(Beginning of MATERIAL FOR THE TASK)
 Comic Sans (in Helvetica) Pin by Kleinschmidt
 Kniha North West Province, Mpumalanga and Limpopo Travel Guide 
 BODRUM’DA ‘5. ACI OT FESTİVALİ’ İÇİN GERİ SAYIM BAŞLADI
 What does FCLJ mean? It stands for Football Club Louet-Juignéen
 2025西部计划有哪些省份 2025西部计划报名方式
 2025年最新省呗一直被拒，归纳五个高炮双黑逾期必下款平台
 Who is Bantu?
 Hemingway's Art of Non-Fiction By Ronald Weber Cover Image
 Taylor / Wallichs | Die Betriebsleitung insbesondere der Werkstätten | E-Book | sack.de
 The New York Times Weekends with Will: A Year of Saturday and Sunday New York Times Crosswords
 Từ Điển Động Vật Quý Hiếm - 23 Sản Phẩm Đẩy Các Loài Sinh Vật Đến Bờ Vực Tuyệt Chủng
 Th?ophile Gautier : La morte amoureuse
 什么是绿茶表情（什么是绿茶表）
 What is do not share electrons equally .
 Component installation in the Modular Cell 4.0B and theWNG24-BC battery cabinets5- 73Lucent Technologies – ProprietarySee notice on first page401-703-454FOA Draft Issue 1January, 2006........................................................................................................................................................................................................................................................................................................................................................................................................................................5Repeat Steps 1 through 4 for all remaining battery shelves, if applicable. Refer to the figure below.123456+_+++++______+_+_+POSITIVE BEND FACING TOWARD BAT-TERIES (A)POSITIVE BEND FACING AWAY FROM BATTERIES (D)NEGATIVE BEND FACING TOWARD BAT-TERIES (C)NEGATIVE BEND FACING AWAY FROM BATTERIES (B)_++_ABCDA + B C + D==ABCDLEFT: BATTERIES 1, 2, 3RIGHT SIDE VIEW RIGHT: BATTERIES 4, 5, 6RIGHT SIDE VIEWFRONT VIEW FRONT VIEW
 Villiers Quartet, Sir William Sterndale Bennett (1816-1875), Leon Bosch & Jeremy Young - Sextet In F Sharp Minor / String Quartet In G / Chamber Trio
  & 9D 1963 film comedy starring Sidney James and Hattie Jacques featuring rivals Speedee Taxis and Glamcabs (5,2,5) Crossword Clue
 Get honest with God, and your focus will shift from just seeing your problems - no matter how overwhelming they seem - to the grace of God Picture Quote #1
(End of MATERIAL FOR THE TASK)
# EXERCISE DESCRIPTION
Exactly and in full, write out the lines from the one containing "(5,2,5) Crossword Clue" through the end of the listing.

# ANSWER TO THE PROBLEM
  & 9D 1963 film comedy starring Sidney James and Hattie Jacques featuring rivals Speedee Taxis and Glamcabs (5,2,5) Crossword Clue
 Get honest with God, and your focus will shift from just seeing your problems - no matter how overwhelming they seem - to the grace of God Picture Quote #1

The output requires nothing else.